Political power is a prostitute; yesterday it was in bed with Peter Mutharika and, see now, today it's busy in Lazarus Chakwera's bed.
It has, in a flash of a moment, made Chakwera to be called His Excellency the State President Chakwera and, oops, thrown Mutharika into the club of Bakili Muluzi and Joyce Banda--former presidents.
What is interesting with power's prostitution is that when it moves from one bed to another, one political party to another, it completely transforms the political landscape of the country.
In the case of power shift from Mutharika to Chakwera, Malawians expect drastic, radical and fundamental changes that will completely give a fresh outlook on how government operates.

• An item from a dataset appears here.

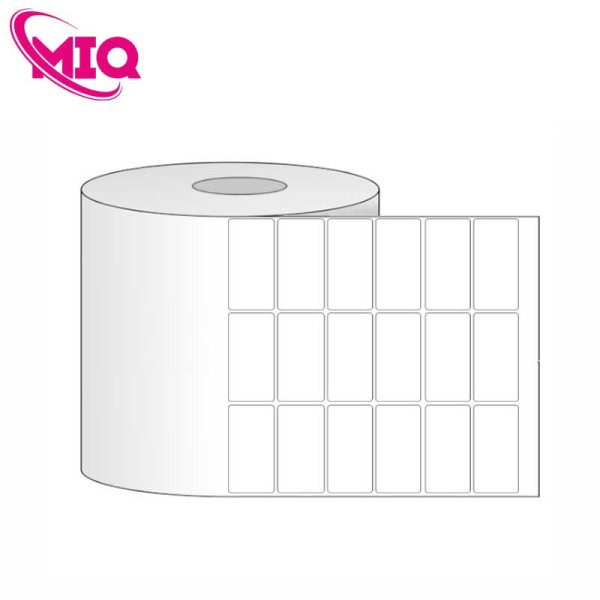 Giấy in mã vạch PVC 3 tem 36x10x50M, bo góc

Look here, for the past 26 years, Malawi's political landscape was dominated by governance decisions made by two families: Muluzi and Mutharika.

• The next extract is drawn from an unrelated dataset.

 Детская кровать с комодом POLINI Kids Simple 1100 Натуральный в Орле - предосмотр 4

At the heart of these decisions, truth be told, was the quest for the two families to maintain their grip on power unfortunately at the expense of well-being of Malawians.

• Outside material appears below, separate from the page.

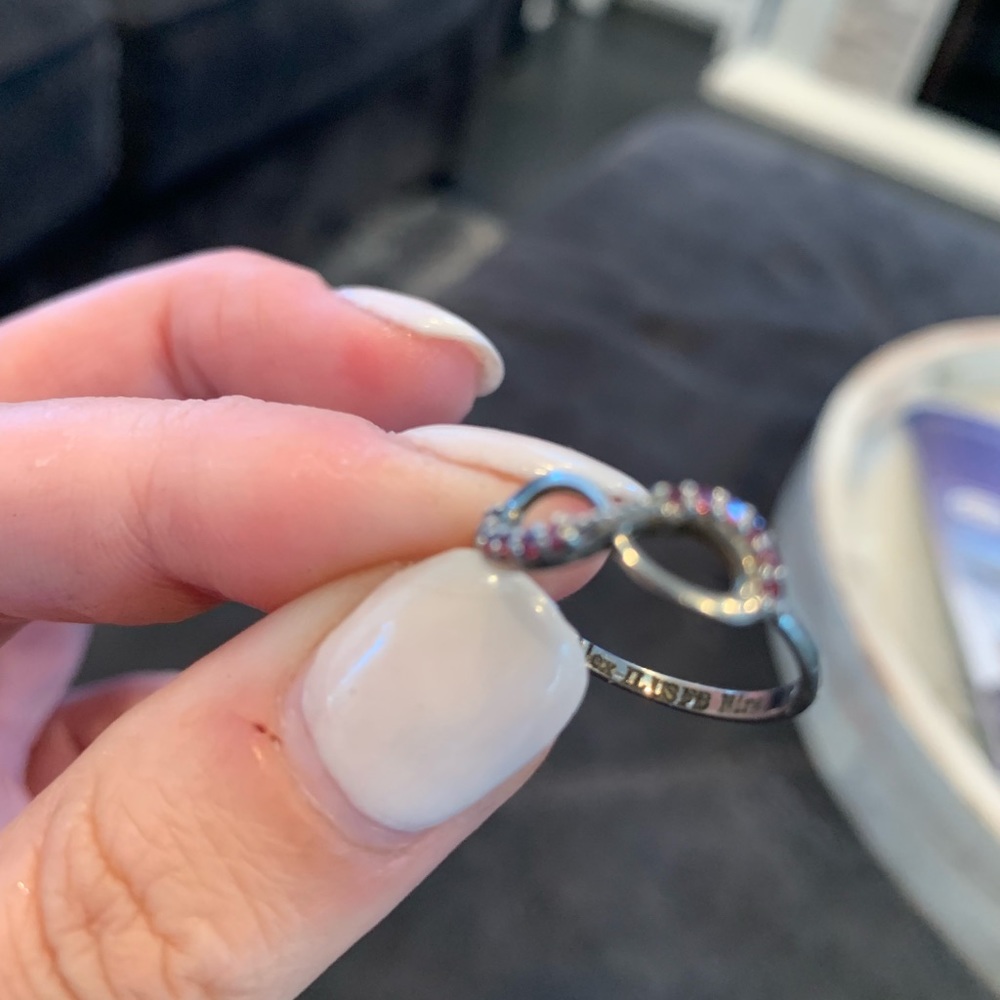 Sapphire Infinity Ring - image 3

In other words, Malawi's development strides in the past 26 years were, actually, by-products; they weren't main products because the two families' principal interest was to keep power within their cabal.
That is why, during these fresh presidential polls, Malawians went into their large number to make a political turning point: To take their power back from the two families.
Now that power has been taken from the two families, the question is: How must Chakwera and Chilima structure their exercise of power to ensure that we don't create another family dynasty?
In debating this question, it is imperative to underline that the shift of power under discussion goes beyond the symbolic twisting of benches in parliament and, of course, the hiring of new faces and the firing of old ones.
What is critical, of course, is that Chakwera and Chilima structure their exercise of power in a way that right people are placed in key governance institutions that protect the integrity of our Republican institution.
Truth be told, if there is anything that we have learnt in the past 6 months then it's the importance of having right and upright people in key government institutions.
We all bear testimony today, and we are self-evident, that having sober minded people, such as Chief Justice Andrew Nyirenda, is critical in ensuring fair, balanced and an independent judiciary.
We all bear testimony today, and we are self-evident, that having serious minded personnel such as Justice Dr Chifundo Kachale heading Malawi Electoral Commission (MEC); not matter the fiscal and logistical challenges, Malawians can be promised of a free, fair and impartial electoral process.
We also, of course, bear testimony that having compromised personnel such as Lloyd Muhara managing the civil service can be dangerous.
Even too dangerous things can turn when, as a matter of fact, you have numb, arrogant and indecisive bores such Justice Dr Jane Ansah handling decisive issues such as presidential elections.
I am saying we are self-evident that it is disastrous and dangerous to leave key institutions such as Malawi Broadcasting Corporations (MBC) in the hands of slapdash Aubrey Sumbuleta; State House management in the hands tribalist Bright Molande; and security of the head of state in the hands of corrupt and manipulative Norman Chisale.
Where we stand, here, as a nation today, we are self-evident of the best practices that our country needs to move.
We have both, the best and worst examples, of how we need to manage ourselves; as such, Chakwera and Chilima would have none but themselves to blame if they, again, stray towards Mutharika's destructive route.